Vermüllung unserer Städte

  • Ich kenne die Schweiz nicht umfänglich, allerdings bin ich immer wieder beeindruckt, wie sauber die Straßen und Plätze in Davos sind, wo ich mich jedes Jahr aufhalte. Sicher nicht repräsentativ für das ganze Land, in den Großstädten sieht es wahrscheinlich nicht ganz so proper aus. Aber die Schweizer scheinen doch sehr ordnungsliebend zu sein, etwas was man den Deutschen auch mal nachgesagt hat. Ich kann mich nicht erinnern, dass ich jemals irgendwo in der Öffentlichkeit meinen Abfall einfach liegen gelassen habe, das grundsätzlich nicht zu tun gehörte für mich noch zur guten Erziehung. Etwas das heute offenbar nicht mehr ausreichend vermittelt wird.

    In dubio pro reko

    Der größte Feind der Ideologie ist die Realität

  • Riegel: bwahhaha! Putzpersonalnotstand kreativ gelöst! - Im Ernst: durch die vielen Mitnehm-Eßgelegenheiten haben sich allenthalben (nicht nur in Berlin, auch am Lago hab ich das schon gesehen) die fliegende Papierserviette, die herumliegende Pizzaschachtel und die herumstehende Flasche mächtig (an den Müllcontainern im Hof: die Kartons der Päckchenversender) ausgebreitet. Muß man wieder einfangen, keine Frage. Aber 3x täglich Müllabfuhr durchschicken ist zuviel. Also was tun... ohne viele Leute, die das Zeug einsammeln, geht es nicht. Ohne mehr Müllgefäße wahrscheinlich auch nicht (in Venezia haben sie an der Piazza San Marco überall große Mülleimer aufgestellt). Müllvermeidung ginge wohl nur, wenn man zur Trostlosigkeit der 60er Jahre zurückkehrt, als es nur zuhause was zu essen gab, sonst nirgends.

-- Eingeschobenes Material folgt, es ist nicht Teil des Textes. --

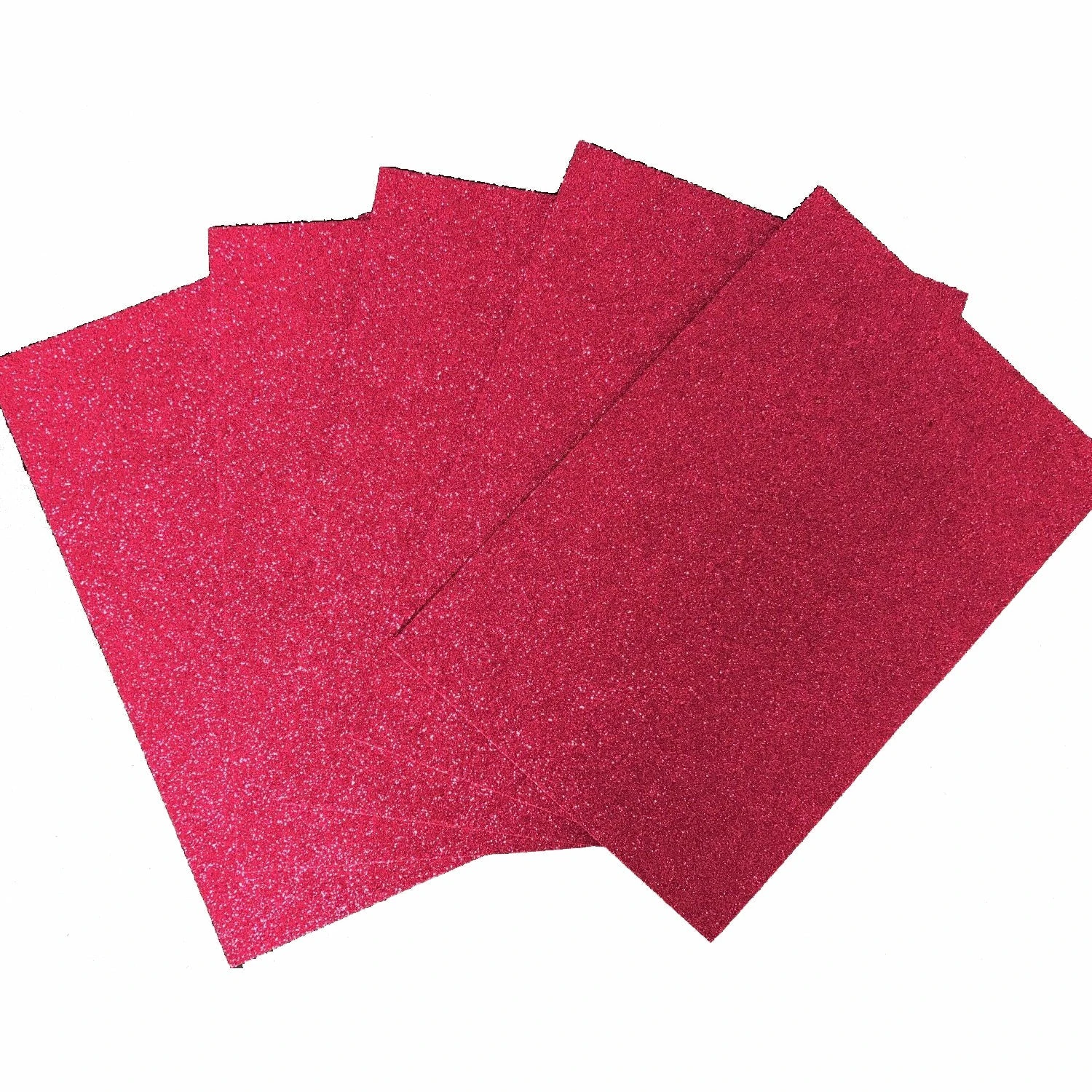 5 Sheets Eva Foam Glitter - Art & Craft & Diy 12 Assorted Colours 200mm X 295mm - Hot Pink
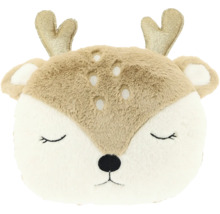 Hirschkopfkissen, Plüschtier mit Geweih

  • Neben diesen Müll gesellen sich seit einiger Zeit zunehmend sperrige Gegenstände, die wild auf den Gehsteigen abgestellt werden, wo sie Fußgänger und Radfahrer nerven, die einfach nur durch die Stadt gehen wollen, jetzt aber auch noch um diese Dinger einen Bogen machen müssen. Unglaublich, in welch unübertrefflicher Rücksichtslosigkeit Rollstuhlfahren, Blinden und gehbehinderten Menschen gegenüber die Ablagerung geschieht. Hoffen wir, dass der Spleen mit diesen E-Rollern bald aus der Mode kommt. Dann werden Massen von diesen Rollern auf den Schrottplätzen landen.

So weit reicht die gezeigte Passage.